Operator Description

Function

This example implements GEMM with fixed dimensions [m, k, n] = [512, 2048, 1536]:

\[ C = A \times B \]

Where:

  • A shape: [512, 2048] (m × k)
  • B shape: [2048, 1536] (k × n)
  • C shape: [512, 1536] (m × n)

Specification

Item Value
OpType gemm
Inputs a: m×k, float16, ND; b: k×n, float16, DN
Output c: m×n, float, ND
Kernel name gemm_basic_custom

Tiling Parameters

The validation platform has 24 cores.

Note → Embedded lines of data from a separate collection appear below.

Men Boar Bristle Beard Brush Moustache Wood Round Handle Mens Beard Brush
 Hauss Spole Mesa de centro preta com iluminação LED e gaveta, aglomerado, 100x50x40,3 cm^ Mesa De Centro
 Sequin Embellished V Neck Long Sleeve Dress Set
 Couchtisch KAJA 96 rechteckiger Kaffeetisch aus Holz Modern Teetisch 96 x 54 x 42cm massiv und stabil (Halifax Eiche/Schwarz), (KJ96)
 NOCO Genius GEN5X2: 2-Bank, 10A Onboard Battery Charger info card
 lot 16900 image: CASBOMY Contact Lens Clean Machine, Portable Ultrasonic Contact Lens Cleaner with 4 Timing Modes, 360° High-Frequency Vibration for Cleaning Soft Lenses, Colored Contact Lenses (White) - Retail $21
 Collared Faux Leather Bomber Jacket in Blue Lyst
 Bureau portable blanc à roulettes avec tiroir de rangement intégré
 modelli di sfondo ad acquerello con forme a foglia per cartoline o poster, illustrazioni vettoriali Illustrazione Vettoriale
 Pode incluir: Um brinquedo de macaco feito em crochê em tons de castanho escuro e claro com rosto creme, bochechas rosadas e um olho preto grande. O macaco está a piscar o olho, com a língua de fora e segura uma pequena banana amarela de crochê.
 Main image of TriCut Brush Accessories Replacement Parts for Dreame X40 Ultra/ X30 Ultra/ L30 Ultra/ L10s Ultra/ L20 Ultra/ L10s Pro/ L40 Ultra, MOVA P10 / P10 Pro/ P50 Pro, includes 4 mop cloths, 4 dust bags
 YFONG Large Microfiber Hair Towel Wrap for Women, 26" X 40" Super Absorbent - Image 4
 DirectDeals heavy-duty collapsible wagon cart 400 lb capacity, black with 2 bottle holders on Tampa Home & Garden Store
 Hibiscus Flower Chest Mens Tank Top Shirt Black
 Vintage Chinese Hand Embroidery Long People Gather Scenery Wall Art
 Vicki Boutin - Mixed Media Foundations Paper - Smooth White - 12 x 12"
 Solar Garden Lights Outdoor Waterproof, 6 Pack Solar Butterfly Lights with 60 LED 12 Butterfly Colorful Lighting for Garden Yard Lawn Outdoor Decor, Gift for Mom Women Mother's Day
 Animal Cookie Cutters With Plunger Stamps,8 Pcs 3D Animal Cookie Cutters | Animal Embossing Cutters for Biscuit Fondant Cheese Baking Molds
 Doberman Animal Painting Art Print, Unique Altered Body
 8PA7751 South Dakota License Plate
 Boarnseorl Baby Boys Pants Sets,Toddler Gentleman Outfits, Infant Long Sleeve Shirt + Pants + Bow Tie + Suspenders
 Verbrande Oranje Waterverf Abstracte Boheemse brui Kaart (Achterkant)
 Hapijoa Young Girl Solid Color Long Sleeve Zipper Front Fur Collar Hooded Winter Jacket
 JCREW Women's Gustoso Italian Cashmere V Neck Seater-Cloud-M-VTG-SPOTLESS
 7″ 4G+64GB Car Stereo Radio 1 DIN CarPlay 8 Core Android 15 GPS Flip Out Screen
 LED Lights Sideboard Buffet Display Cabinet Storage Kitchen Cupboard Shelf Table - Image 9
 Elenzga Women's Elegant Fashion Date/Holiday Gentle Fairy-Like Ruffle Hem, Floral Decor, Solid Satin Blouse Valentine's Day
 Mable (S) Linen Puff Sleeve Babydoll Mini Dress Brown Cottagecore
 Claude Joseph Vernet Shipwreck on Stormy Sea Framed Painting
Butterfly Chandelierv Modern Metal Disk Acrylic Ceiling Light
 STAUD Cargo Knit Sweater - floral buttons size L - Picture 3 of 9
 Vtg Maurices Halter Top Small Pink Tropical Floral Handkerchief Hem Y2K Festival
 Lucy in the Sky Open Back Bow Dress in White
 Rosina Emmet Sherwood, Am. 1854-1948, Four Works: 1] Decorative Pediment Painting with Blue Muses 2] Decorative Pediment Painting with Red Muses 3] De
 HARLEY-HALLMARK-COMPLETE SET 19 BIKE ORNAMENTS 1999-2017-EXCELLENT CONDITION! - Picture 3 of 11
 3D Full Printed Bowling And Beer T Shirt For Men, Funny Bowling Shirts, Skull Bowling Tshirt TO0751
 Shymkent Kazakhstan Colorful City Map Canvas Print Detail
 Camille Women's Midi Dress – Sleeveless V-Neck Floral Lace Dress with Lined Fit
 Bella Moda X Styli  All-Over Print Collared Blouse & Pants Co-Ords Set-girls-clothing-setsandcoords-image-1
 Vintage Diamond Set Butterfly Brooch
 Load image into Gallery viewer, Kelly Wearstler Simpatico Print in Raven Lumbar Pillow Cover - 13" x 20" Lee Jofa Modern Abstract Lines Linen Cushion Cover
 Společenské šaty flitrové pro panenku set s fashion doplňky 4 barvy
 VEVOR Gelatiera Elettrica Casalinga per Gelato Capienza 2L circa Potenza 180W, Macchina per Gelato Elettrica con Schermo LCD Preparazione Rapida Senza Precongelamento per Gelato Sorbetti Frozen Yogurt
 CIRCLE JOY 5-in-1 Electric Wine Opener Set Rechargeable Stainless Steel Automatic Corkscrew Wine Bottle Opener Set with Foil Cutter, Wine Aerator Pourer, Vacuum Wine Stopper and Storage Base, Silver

The workload is split across cores (prioritizing splitting m and n) using a 4 × 6 grouping: split m into 4 parts and n into 6 parts to fully utilize 24 cores.

Per-core shape:

  • singleCoreM = 128, singleCoreK = 2048, singleCoreN = 256

Because the per-core tile still exceeds L0 capacity, k is further tiled into base blocks of size 64. The base block is:

  • baseM = 128, baseK = 64, baseN = 256
Parameter Value
m 512
k 2048
n 1536
singleCoreM 128
singleCoreK 2048
singleCoreN 256
baseM 128
baseK 64
baseN 256

Implementation Notes

Type definitions

The implementation defines matrix representations for GM, L1, and L0, then assigns backing storage for tiles. Example (simplified):

using NDValidShapeA = TileShape2D<U, baseM, baseK>;
using NDsingleCoreShapeA = BaseShape2D<U, M, K>;
using GlobalDataSrcA = GlobalTensor<U, NDValidShapeA, NDsingleCoreShapeA>; // A in GM (ND)

using NDValidShapeB = TileShape2D<U, baseK, baseN, Layout::DN>;
using NDsingleCoreShapeB = BaseShape2D<U, K, N, Layout::DN>;
using GlobalDataSrcB = GlobalTensor<U, NDValidShapeB, NDsingleCoreShapeB, Layout::DN>; // B in GM (DN)

using NDValidShapeC = TileShape2D<T, baseM, baseN>;
using NDWholeShapeC = BaseShape2D<T, M, N>;
using GlobalDataOut = GlobalTensor<T, NDValidShapeC, NDWholeShapeC>; // C in GM

Pipeline scheduling

This example overlaps data movement and compute using double buffering in L1 and L0 to improve utilization. Synchronization points ensure correct dependencies, including:

  • Forward sync: MTE2 -> MTE1, MTE1 -> MMAD, MMAD -> FIXPIPE
  • Reverse sync: MTE1 -> MTE2, MMAD -> MTE1

Pipeline overview:

GEMM pipeline

Build and Run

1. Prepare the python environment

Create your own virtual environment and install the required python package.

python -m venv virEnv
source virEnv/bin/activate
python3 -m pip install -r requirements.txt

2. Configure environment and build the wheel

export ASCEND_HOME_PATH=/usr/local/Ascend/
source ${ASCEND_INSTALL_PATH}/bin/setenv.bash
export PTO_LIB_PATH=[YOUR_PATH]/pto-isa
rm -rf build op_extension.egg-info
python3 setup.py bdist_wheel

3. Install the wheel

pip install dist/*.whl

4. Run the example

cd test
python3 test.py